One Album, One Story
It is not one bit uncommon for a professional photographer or for that matter a good amatuer photographer to be asked to shoot an album that encomposes within it a theme or story. The subject and brief could vary. It could be a series of pictures of an aging patriarch or matriarch of the family. Many a time, such a shoot is likely to be in the ancestral home which is also aging and has a beauty and personality of its own worth capturing along with the people who have lived their lives in there.
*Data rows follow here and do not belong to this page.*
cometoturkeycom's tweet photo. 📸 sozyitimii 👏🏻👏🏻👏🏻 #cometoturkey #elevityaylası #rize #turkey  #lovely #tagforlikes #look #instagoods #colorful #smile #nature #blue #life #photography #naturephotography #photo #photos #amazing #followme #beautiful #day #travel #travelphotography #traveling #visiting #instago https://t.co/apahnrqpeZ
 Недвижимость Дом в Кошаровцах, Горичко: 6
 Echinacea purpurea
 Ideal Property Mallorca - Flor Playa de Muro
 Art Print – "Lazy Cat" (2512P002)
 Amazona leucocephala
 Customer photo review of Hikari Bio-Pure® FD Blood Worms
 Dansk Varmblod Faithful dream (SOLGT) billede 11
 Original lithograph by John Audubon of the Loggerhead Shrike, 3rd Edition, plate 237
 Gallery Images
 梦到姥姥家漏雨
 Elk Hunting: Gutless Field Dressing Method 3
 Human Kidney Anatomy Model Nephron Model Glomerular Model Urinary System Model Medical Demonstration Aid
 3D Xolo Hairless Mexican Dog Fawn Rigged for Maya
It could be a young child or a newborn in its early days in the house, a young fast growing child in the outdoors or farm close to the elements living and exploring life, a woman expecting a child, a couple living life together in joy tranquility. This is not an exhaustive list, more an illustration of what one might require of a photographer. These are few phases one might want to capture and save for posterity’s sake.
As a photographer taking on such a task there are multiple components and angles to factor in. Given the nature of the desired theme one could end not just being the tool that help them capture cherished moments in life, but being a confidante too. Study the subject and the story they have in mind. Observe and study the personality of the principal subject and the peripheral players in your story. Create a plan to highlight significant traits and personality quirks. Explore the possibility of humor. Nothing like having a few images that bring a smile or a laugh in years to come. Study the subject from a pure aesthetic point of view will enable you to plan your shoot that will highlight the beauty and personality of the subject. Study the environs and the ambience of the location where most of the shoot is going to be done. Study angles, light, objects and soak in the overall feel of the place and people.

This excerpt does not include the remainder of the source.